▶ _What is expected_:
Transcribe exactly everything in the data below from the line containing "Nuliie 120 Uds" down to the line containing "Chanel Small 25", both lines included and nothing further.

▶ _Dataset extract_:
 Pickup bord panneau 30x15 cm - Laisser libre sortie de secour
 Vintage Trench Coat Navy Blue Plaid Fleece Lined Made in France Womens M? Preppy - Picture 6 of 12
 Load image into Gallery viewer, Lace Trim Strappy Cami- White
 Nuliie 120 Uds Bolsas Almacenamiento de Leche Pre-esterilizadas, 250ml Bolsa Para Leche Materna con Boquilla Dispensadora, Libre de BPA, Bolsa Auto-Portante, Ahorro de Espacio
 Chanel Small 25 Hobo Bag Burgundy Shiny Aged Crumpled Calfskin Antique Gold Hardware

--

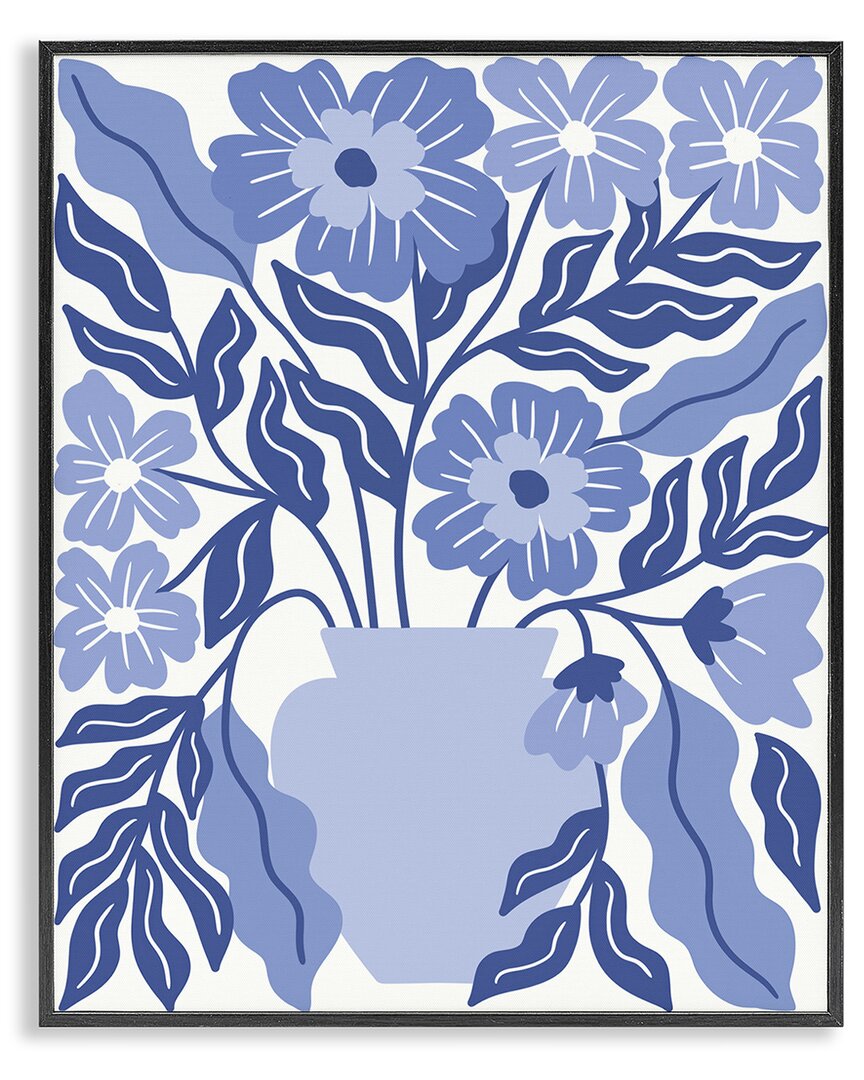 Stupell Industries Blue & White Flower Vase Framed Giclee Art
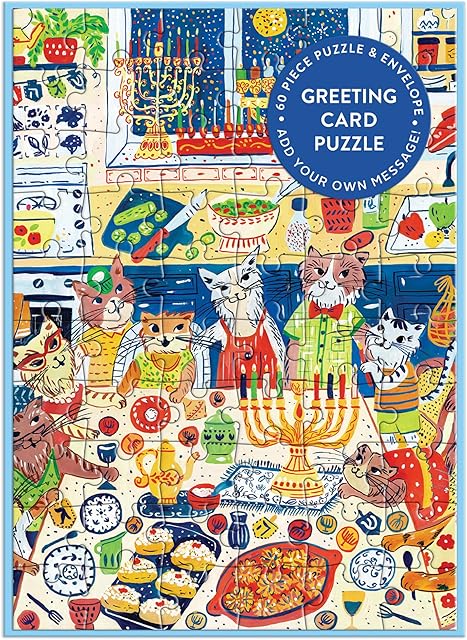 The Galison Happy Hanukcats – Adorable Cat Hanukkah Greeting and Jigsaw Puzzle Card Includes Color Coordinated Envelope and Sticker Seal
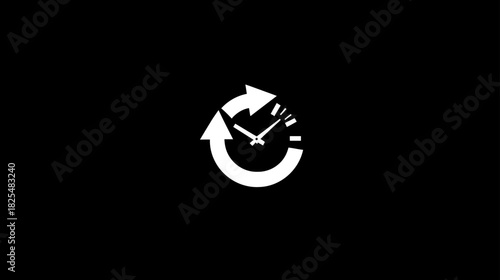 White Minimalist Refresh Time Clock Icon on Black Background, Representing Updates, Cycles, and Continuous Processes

▶ _Worked solution_:
 Nuliie 120 Uds Bolsas Almacenamiento de Leche Pre-esterilizadas, 250ml Bolsa Para Leche Materna con Boquilla Dispensadora, Libre de BPA, Bolsa Auto-Portante, Ahorro de Espacio
 Chanel Small 25 Hobo Bag Burgundy Shiny Aged Crumpled Calfskin Antique Gold Hardware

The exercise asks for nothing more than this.